REQUIREMENT:
Please repeat exactly the lines from the one containing "Coral0403 online show" to the end of the entries below, both included, and omit all pictures.
[SOURCE MATERIAL Boundary: Start]
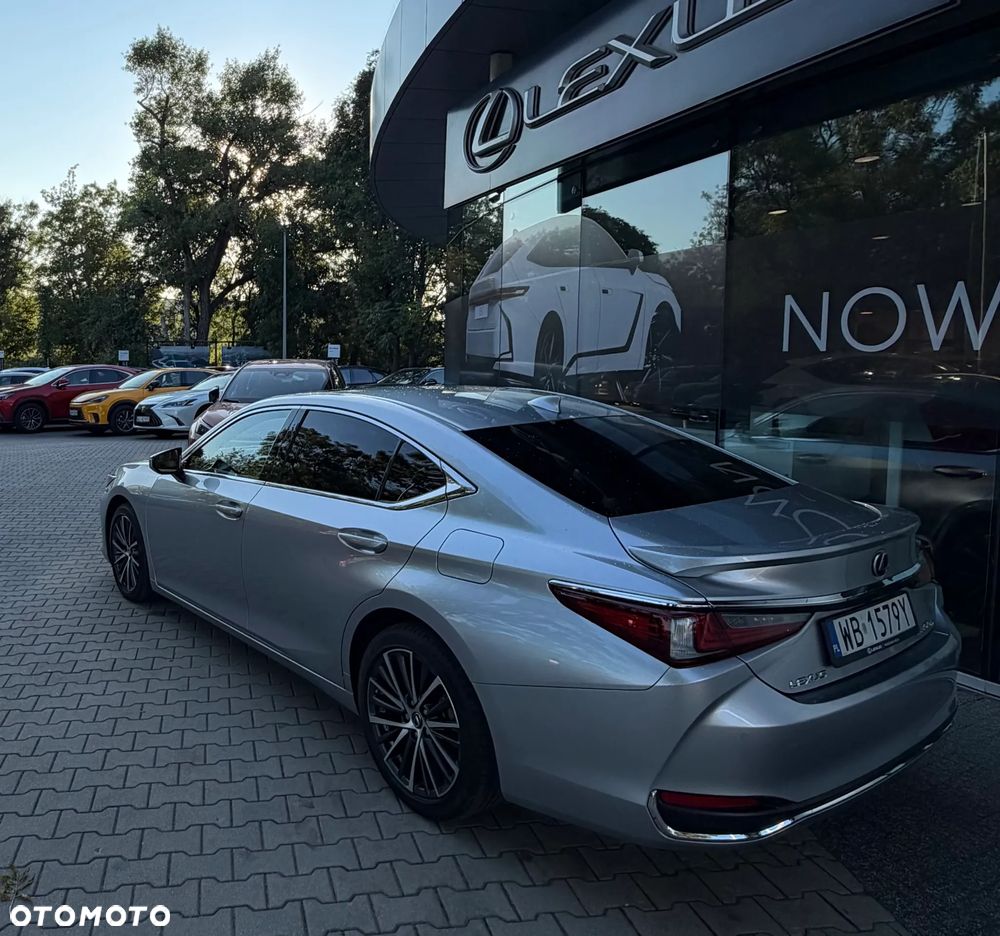 Lexus ES 300h Prestige - 11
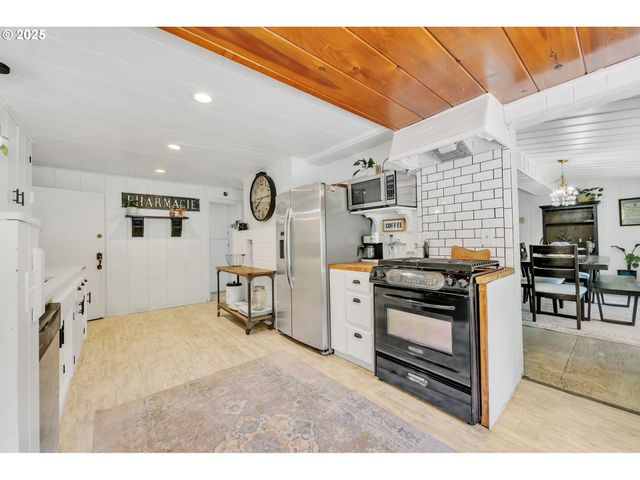 23620 STATE HIGHWAY 38, Elkton, OR 97436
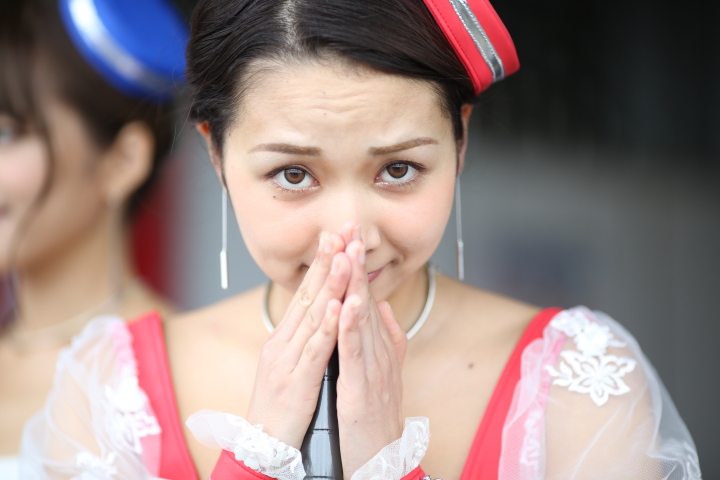 ピットウォーク: レースクイーン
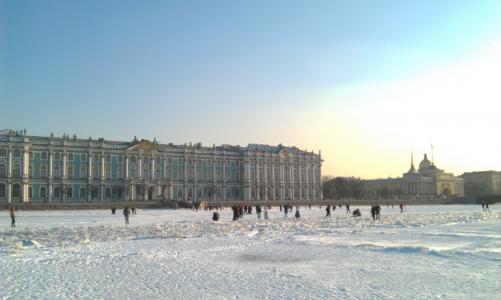 在圣彼得堡冬宫附近的雪
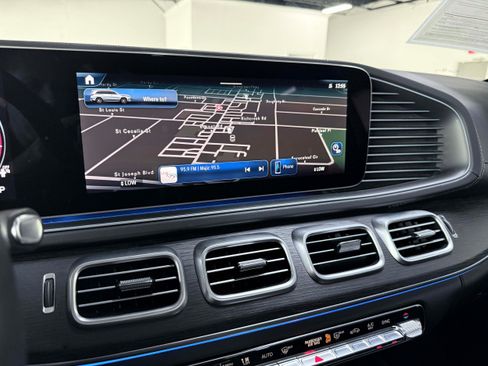 Used 2025 Mercedes-Benz GLS 450 4MATIC image 22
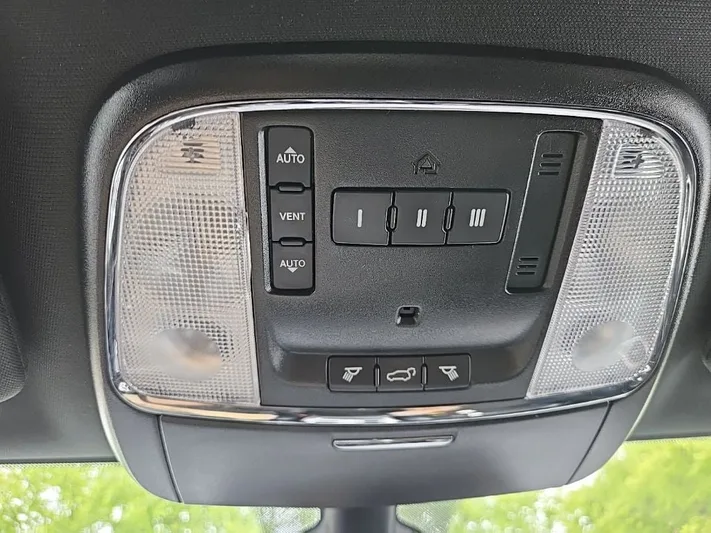 2019 Jeep Grand - view 26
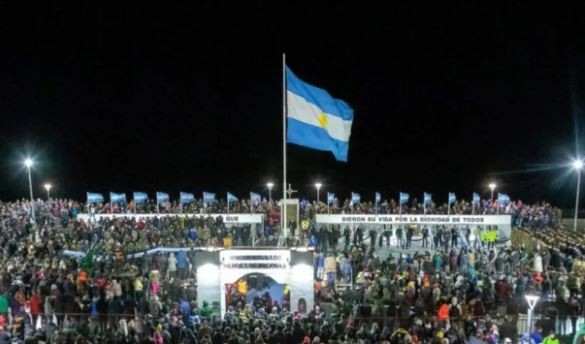 Sin autoridades nacionales, los gobernadores patagónicos encabezaron la Vigilia de Malvinas | Política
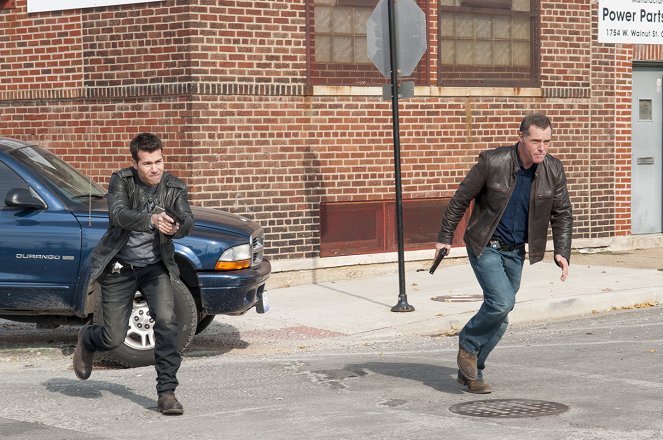 Jon Seda, Jason Beghe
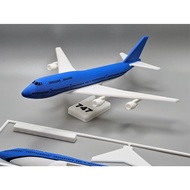 747 Airplane Kit Card by Harace Protoworks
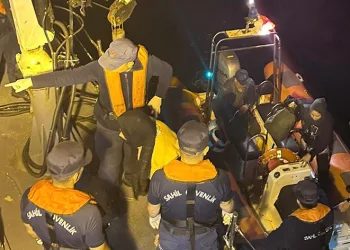 Eceabat’ta 21 kaçak göçmen yakalandı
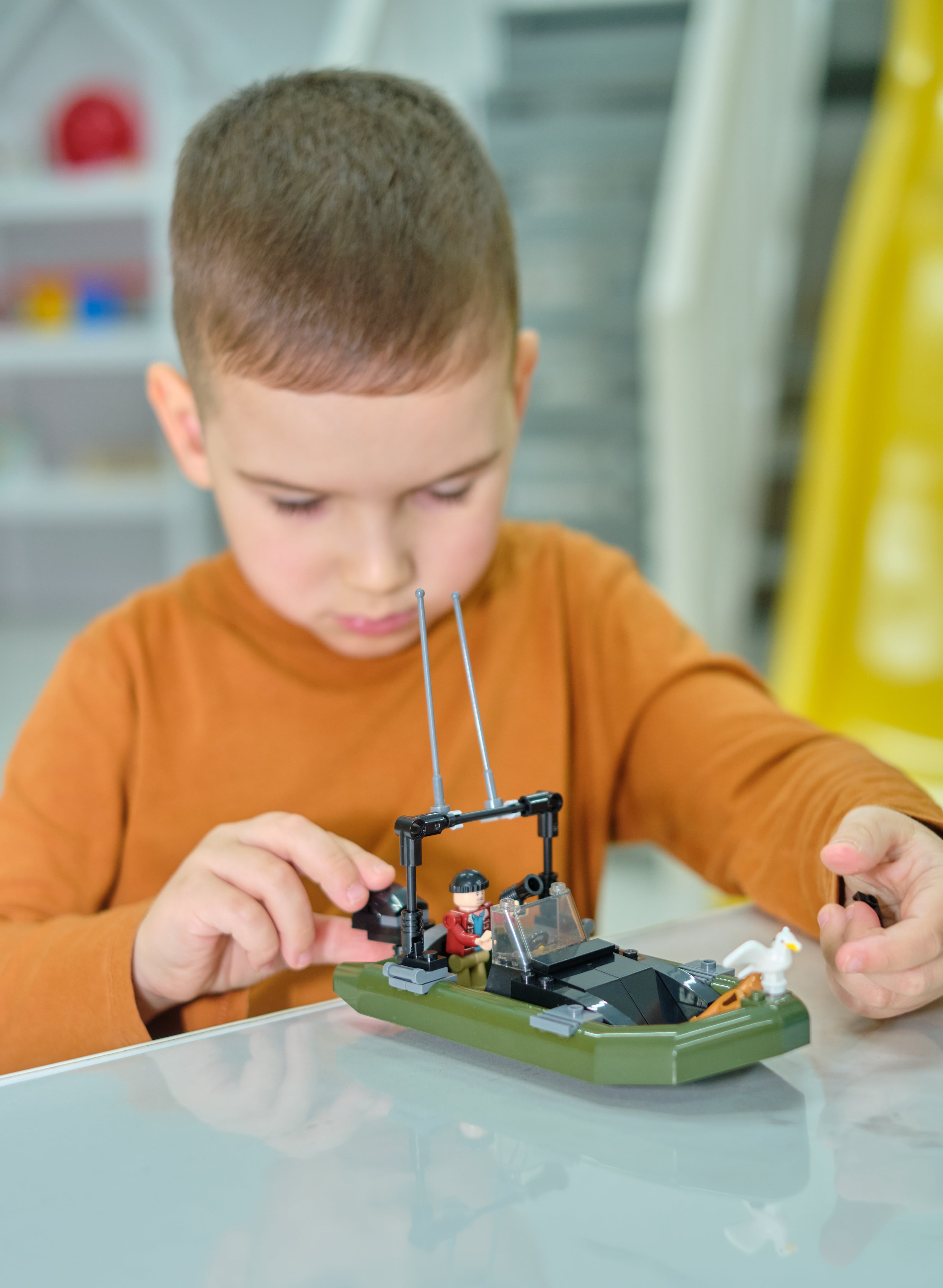 Конструктор brick labs Катер полиции 354 дет. - фото 10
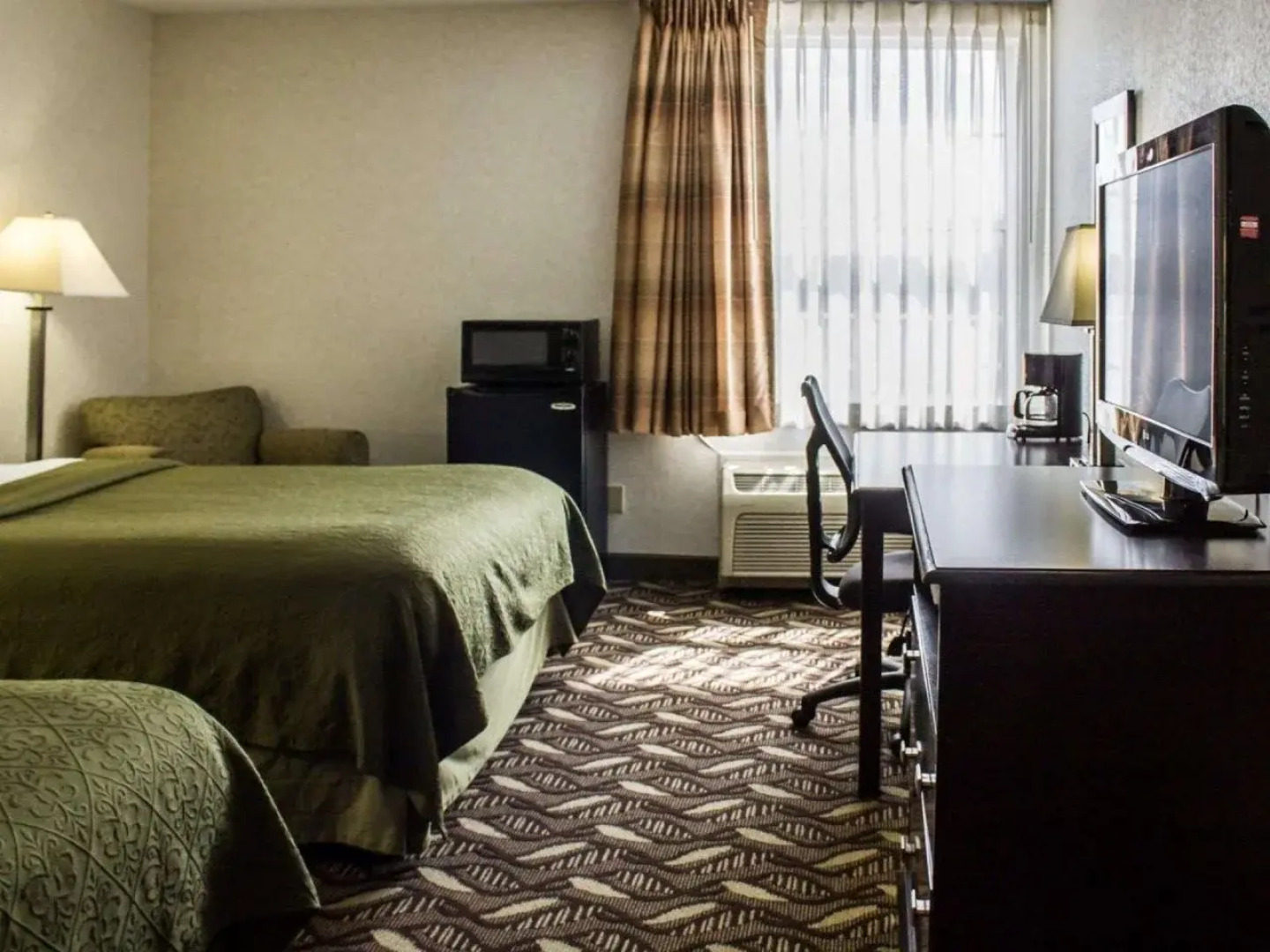 Quality Inn & Suites Mansfield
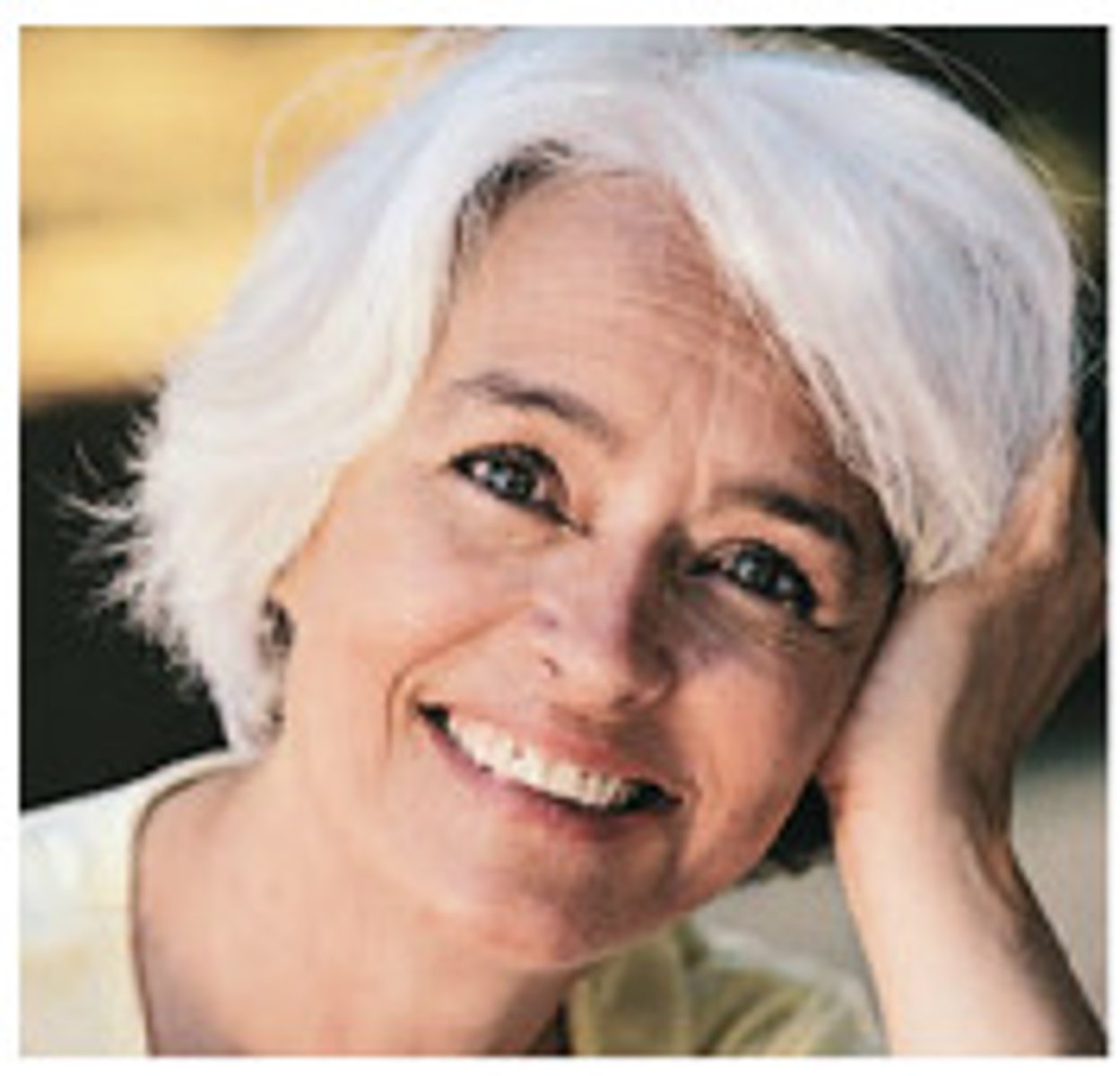 <p>white/gray hair</p>
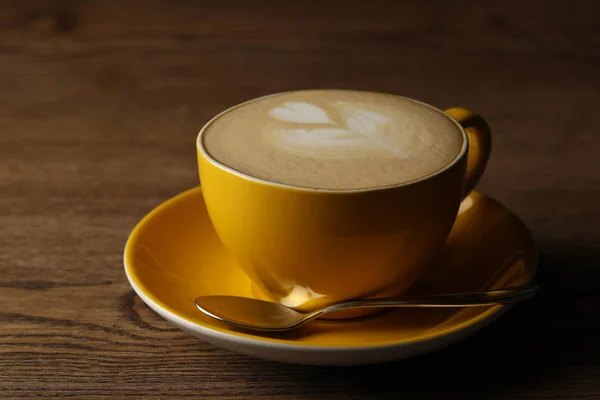 Cup of coffee with heart. Close up — Stock Photo, Image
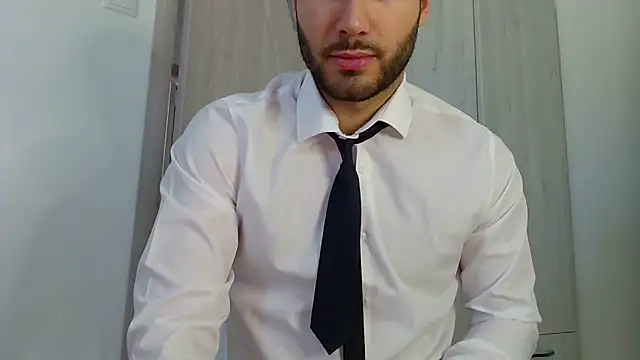 Snapshot of Justynn1 chatting on March 19, 5:41 am Justynn1 online show from March 19, 5:41 am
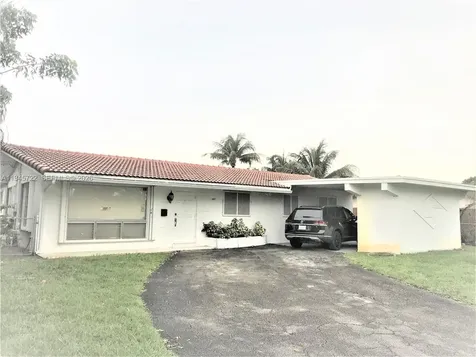 1807 N 40th Avenue Hollywood FL 33021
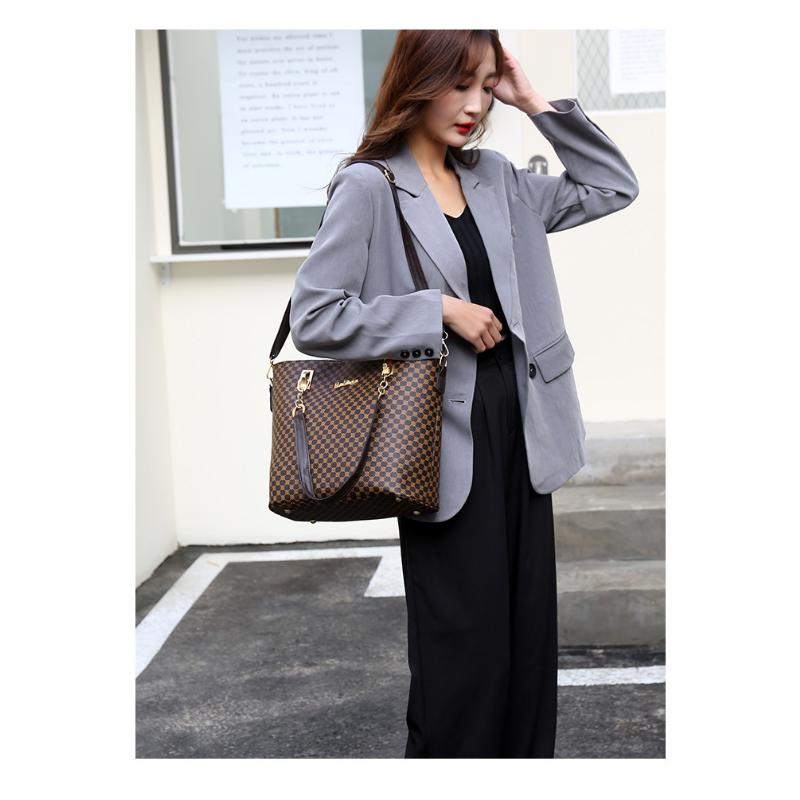 Women's Bag One Shoulder Handheld Crossbody Bag European and American Retro Large Capacity Mother and Child Bag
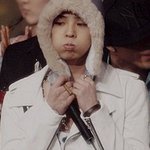 ♡권지용 볼에 <b>바람</b>났어~♬♡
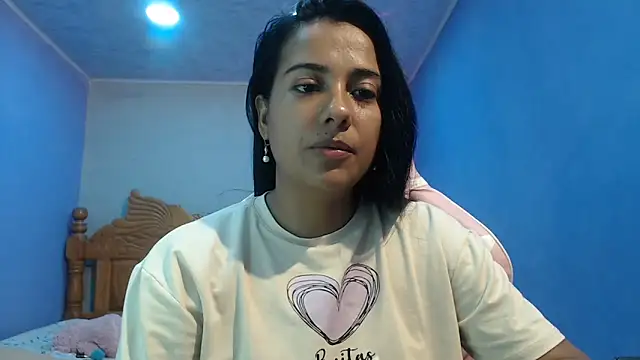 Coral0403 online show from October 2025 08:41:01 PM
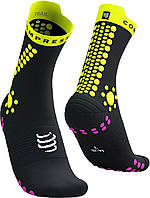Високотехнологічні бігові безшовні шкарпетки Compressport Pro Racing Socks V4.0 Trail, Black/Safe Yellow/Neo Pink, T1 (35-38)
[SOURCE MATERIAL Boundary: End]
REPLY:
 Coral0403 online show from October 2025 08:41:01 PM
Високотехнологічні бігові безшовні шкарпетки Compressport Pro Racing Socks V4.0 Trail, Black/Safe Yellow/Neo Pink, T1 (35-38)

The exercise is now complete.